Forty years of bleating about this, Sandra. And homeopathy. And what have you achieved other than making yourself an insignificant figure of ridicule? Nothing. Nada. All your flogging your dead horse, doxxing, stalking, harassing the relatives of deceased patients. You really do need to find another hobby.
@Lenny If you think that OPINION paper you posted a link to is a ”scientific’ one, you’re missing a few cogs in the wheel house of your brain. FYI, the practice of dentistry is a craft, not a science. Do a Google search for Minamata disease. If still possible, try to effectively deploy the grey matter between your ears. If you had a degree in medicine (I do not), you would have learned that the body burden of mercury seen in the Minamata patients resulted in their chronic, NOT ACUTE mercury poisoning symptoms and sequelae. The difference between the two is the elapsed time span and route of exposure. The ADA and other dental societies know that unscientifically trained people like you are not able to recognize or conduct scientific research that would clarify the difference between acute and chronic manifestations of human immosuppressive diseases. The materials dentists like you use daily are causing much human suffering. The key to solving this debate in a scientific manner is knowing how and where to begin.

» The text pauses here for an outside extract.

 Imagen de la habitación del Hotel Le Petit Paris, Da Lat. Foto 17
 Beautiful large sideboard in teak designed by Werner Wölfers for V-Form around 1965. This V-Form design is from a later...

Journal of Environmental and Public Health
Volume 2012 (2012), Article ID 460508, 10 pages
http://dx.doi.org/10.1155/2012/460508
“Approximately 80% of metallic mercury vapor outgassed from amalgams is absorbed through inhalation [10, 14, 15], compared with about 7 to 10% absorption of ingested metallic mercury [5], and about 1% absorption of metallic mercury through skin contact [5].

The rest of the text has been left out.